Christianity Today recently published Should Church Increase 2011 budgets? This article captures a variety of thoughts from a wide cross-section of leaders. Some people believe in the scarcity of the dollar and some believe in the infinite surplus of money. Every church (and church leader) is different. There are some who have predetermined to decrease their operating budgets for 2011 and some that will absolutely, positively increase their budgets in 2011.
Here are three reasons why you SHOULD NOT increase your budget in 2011:
1. You (as pastor) haven’t fully embraced the role of chief fund-raiser. People give to people, particularly people they know, like, and trust. The pastor is the most visible staff member and the one to whom most members and attenders will make an immediate connection.

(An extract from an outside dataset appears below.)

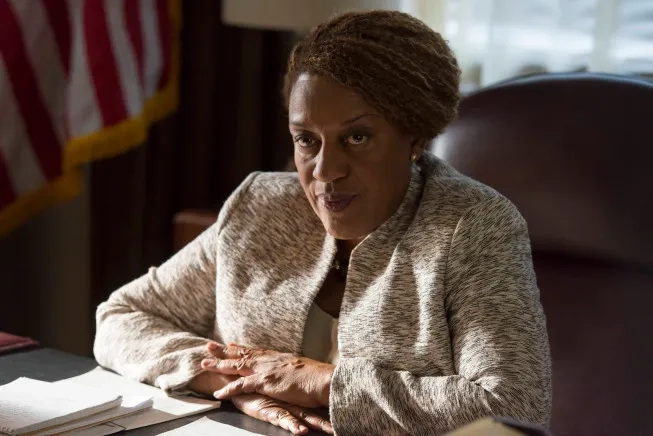 CCH Pounder in Sons of Anarchy (2008)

The pastor is also the person who must ensure the financial integrity of the organization. If you’re not ready to deal with money openly and honestly, you won’t cultivate all that God has already provided in the people who sit in your pews.

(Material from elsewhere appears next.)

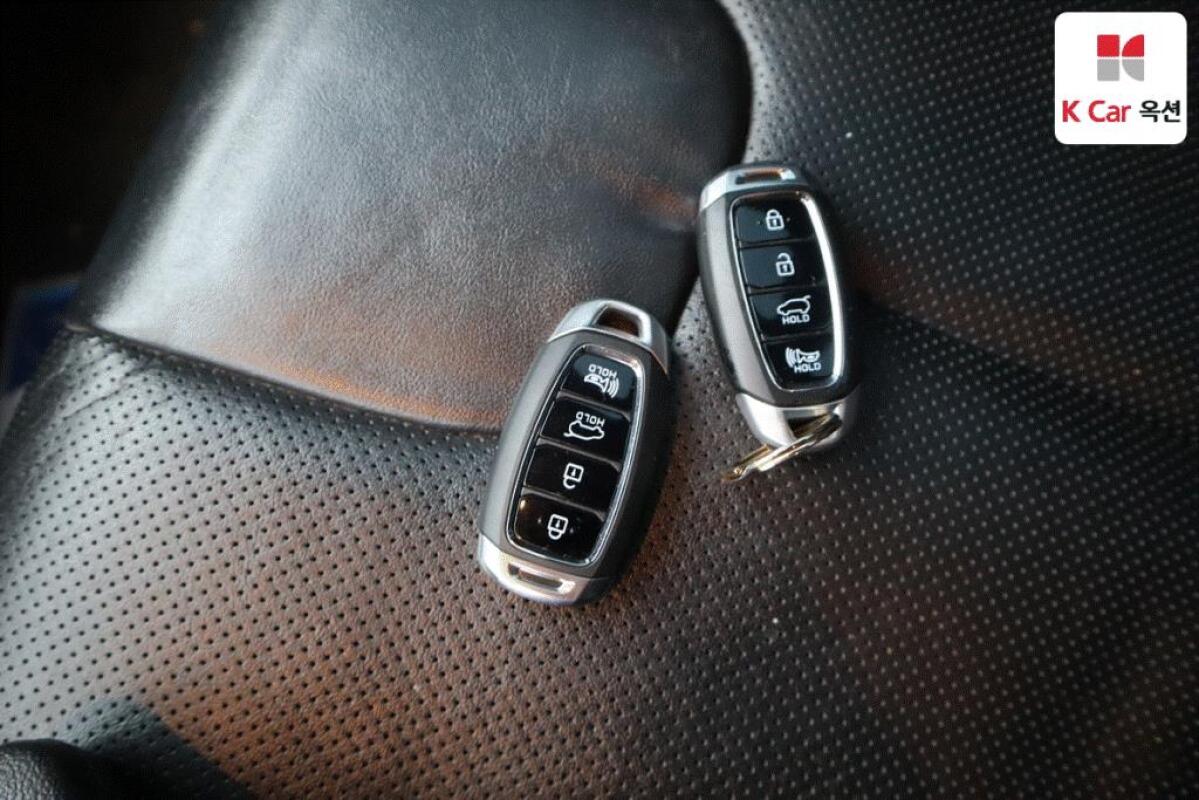 Hyundai SantaFe (2018)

2. You don’t want to preach/teach about money. Break the silence! Offer people an alternative perspective on money, one that is based on scripture instead of culture. The more the church remains silent on the subject of money, the more dollars that will continue to fly out of the offering plate only to help fund other organizations with money that God intended to support the work of the church.
3. You don’t want to engage with people about their giving potential. If you’re not confident enough to look someone else in the eye and ask them to financially support the work of your church, then you don’t believe completely in what you are doing. Talking to people about money is no different than talking with them about prayer, Bible reading, or church membership. All are part of the spiritual formation process. If you don’t challenge others to be generous, someone else (from another organization) will. In fact, it’s happening right now.
What are your church budget plans for 2011?